* _Task to carry out_:
In the entries below, find the line with "Hunan: Yao-Volk bereitet" and the line with "MELAKA, MALAYSIA - 22"; reproduce those two lines and all lines between them exactly, without pictures.

* _Provided records_:
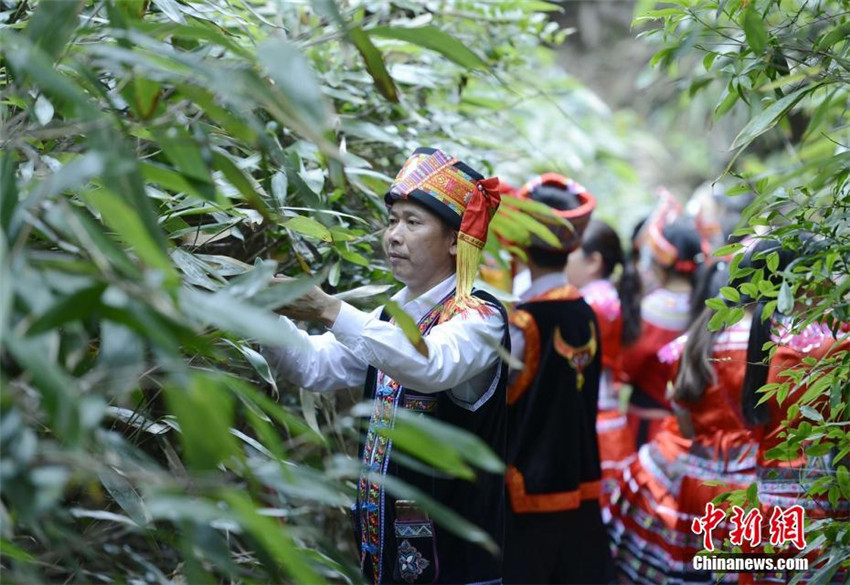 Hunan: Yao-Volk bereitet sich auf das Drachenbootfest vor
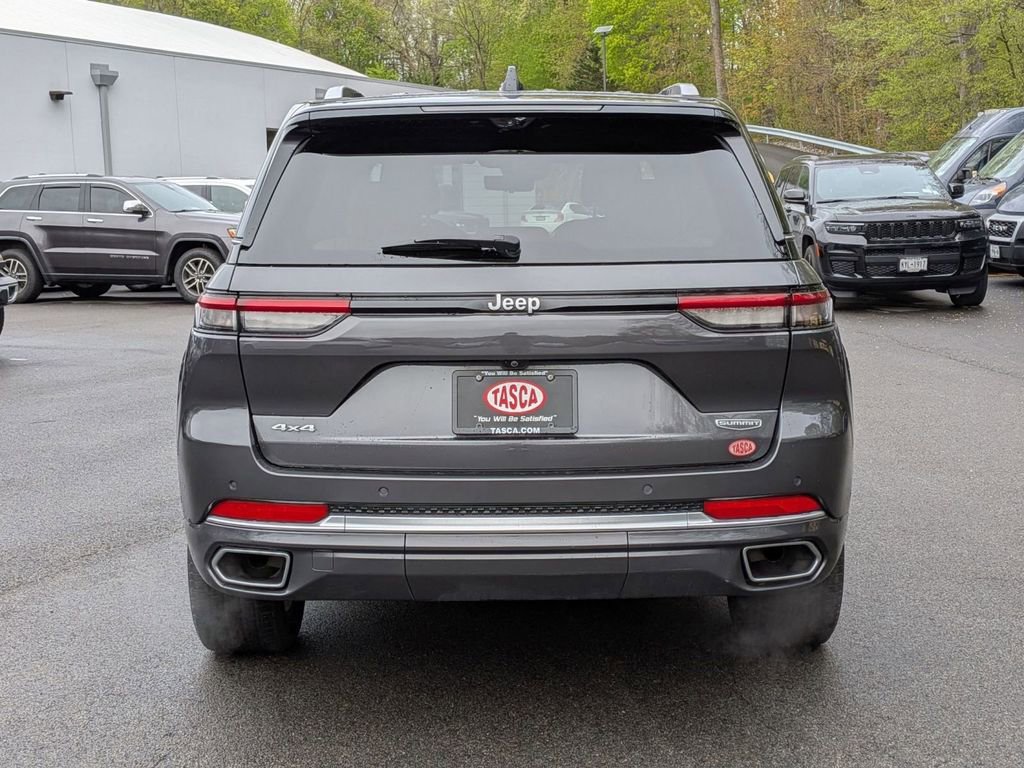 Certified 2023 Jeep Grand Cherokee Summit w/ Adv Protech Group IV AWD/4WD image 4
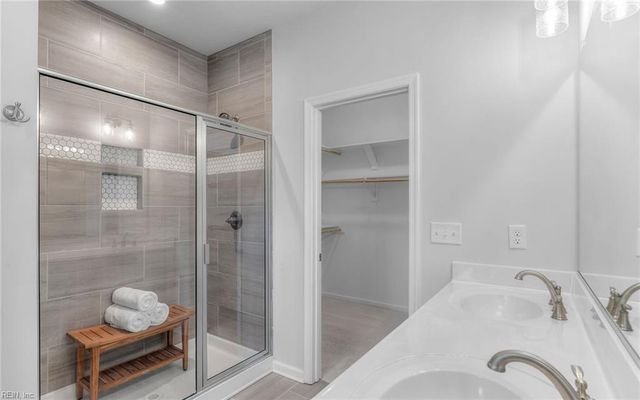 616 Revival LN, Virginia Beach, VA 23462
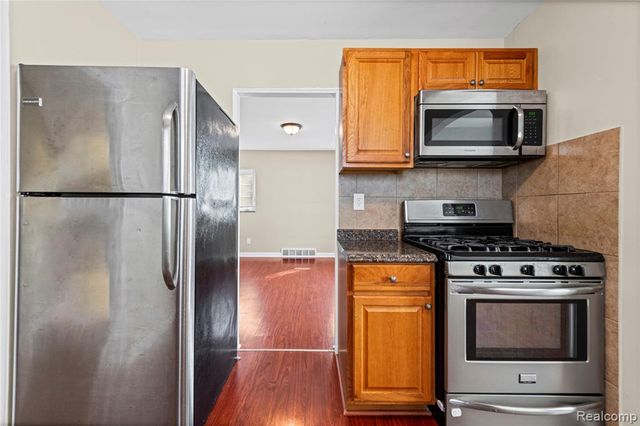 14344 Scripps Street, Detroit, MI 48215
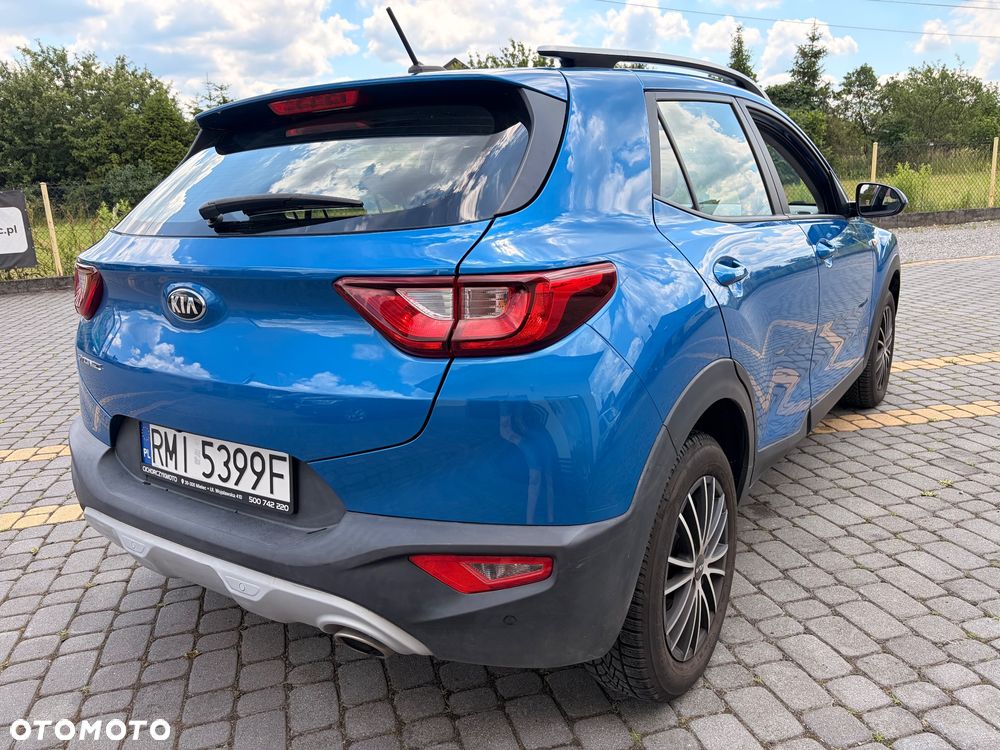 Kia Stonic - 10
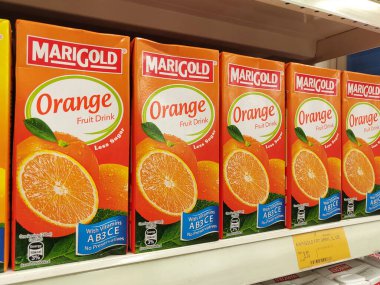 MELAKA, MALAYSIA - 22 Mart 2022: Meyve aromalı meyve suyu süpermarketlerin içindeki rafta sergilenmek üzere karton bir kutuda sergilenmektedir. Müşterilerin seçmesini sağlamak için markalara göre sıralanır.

==

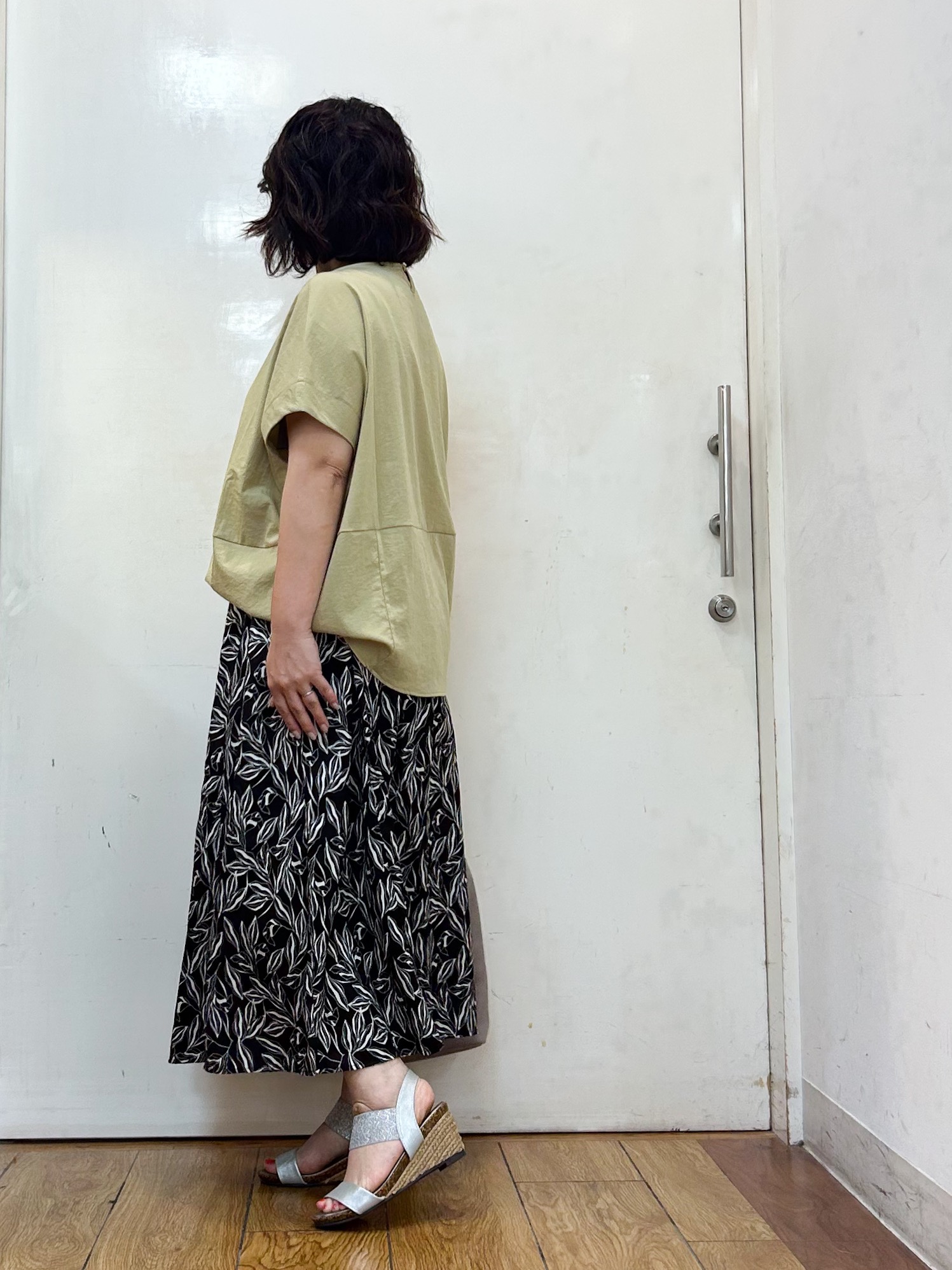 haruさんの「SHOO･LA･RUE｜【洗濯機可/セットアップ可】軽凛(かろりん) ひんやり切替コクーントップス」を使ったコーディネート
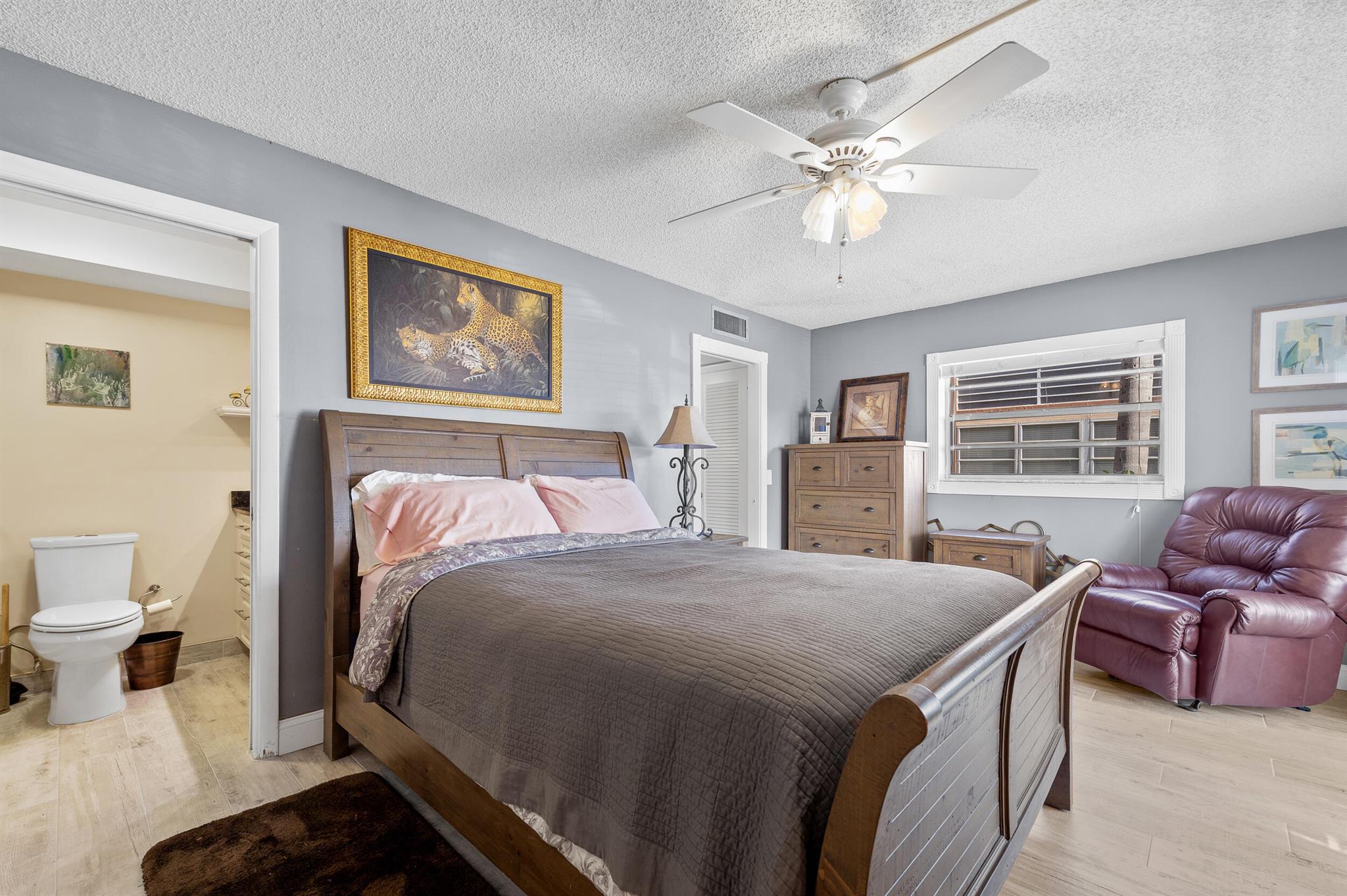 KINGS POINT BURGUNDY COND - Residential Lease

* _Answer box_:
 Hunan: Yao-Volk bereitet sich auf das Drachenbootfest vor
 Certified 2023 Jeep Grand Cherokee Summit w/ Adv Protech Group IV AWD/4WD image 4
 616 Revival LN, Virginia Beach, VA 23462
 14344 Scripps Street, Detroit, MI 48215
 Kia Stonic - 10
 MELAKA, MALAYSIA - 22 Mart 2022: Meyve aromalı meyve suyu süpermarketlerin içindeki rafta sergilenmek üzere karton bir kutuda sergilenmektedir. Müşterilerin seçmesini sağlamak için markalara göre sıralanır.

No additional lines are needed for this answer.